Scheme provided by the embodiments of the present application is related to the technologies such as the machine learning of artificial intelligence, especially by following examples It is illustrated.
Referring to FIG. 1, its flow chart for illustrating search recommended method provided by the present application.
Computer equipment can be inquired in inverted index table 12, be searched for after getting search term 11 The candidate word set 13 of word.Later, calculating equipment can be generated the feature of characteristic information and a candidate word including search term The mode input parameter 14 of information, wherein the characteristic information of search term includes the ordinal characteristics of search term.Computer equipment can be with CTR prediction model 15 is called, the CTR value 16 of each candidate word is calculated;By the CTR value 16 of each candidate word, according to from height It is ranked up to low sequence, then selects at least one candidate word for coming front as recommended candidate corresponding with search term Word.Finally, recommended candidate word list 17 is shown in combobox.
Generation for inverted index table, the historical search log 18 of the available user of computer equipment, and this is gone through Data in history search log 18 are filtered cleaning, wherein largely expose the candidate word not clicked on and some different to remove Regular data.The history for being greater than threshold value it is possible to further choose click volume from the historical search log after filtering cleaning is searched Candidate documents set 20 is added in rope word 19.Further, it is also possible to title 21 and popular search event that document in database will be searched for Title 22 be added into candidate documents set 20.It, can also be to candidate text after getting above-mentioned candidate documents set 20 Shelves set 20 is standardized, and obtains standard candidate documents set 23.For each in standard candidate documents set 23 A document generates corresponding relationship relevant to the document, integrates corresponding relationship relevant to each document, generates inverted index table 12。

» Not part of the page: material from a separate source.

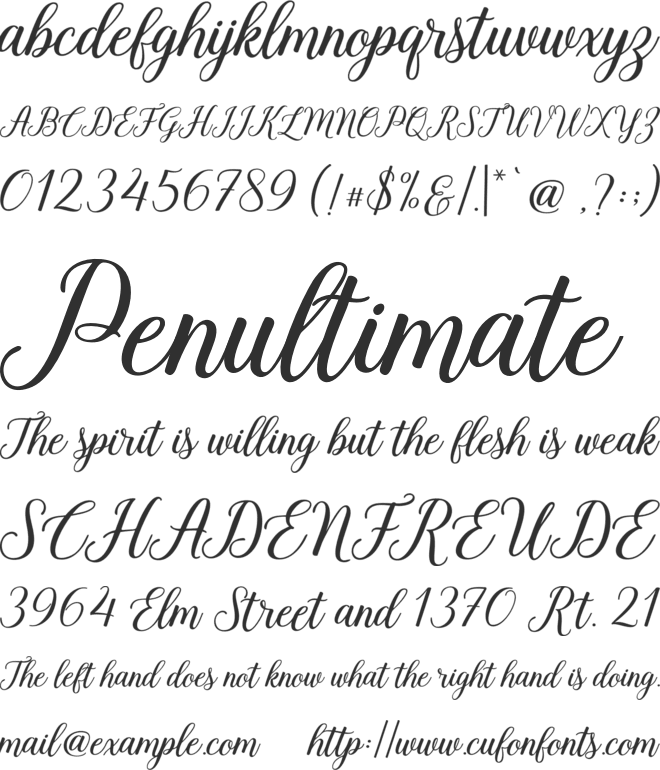 Bethanya font preview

Training for CTR prediction model, the exposure log 24 of the available candidate word of computer equipment, and from the exposure It is candidate that history exposure corresponding with historical search word is obtained in log 24;Later, it characteristic information based on historical search word and goes through The characteristic information that history exposes candidate word constructs training sample 25, and the characteristic information of the historical search word includes the suitable of historical search word Sequence characteristics, and 26 are trained to CTR prediction model under using the training sample 25 online, the CTR for obtaining completing training is estimated Model 15.It completes CTR prediction model after training, which can be pushed on line, for other meters Calculate machine equipment calls the CTR prediction model 15 to be estimated when needed.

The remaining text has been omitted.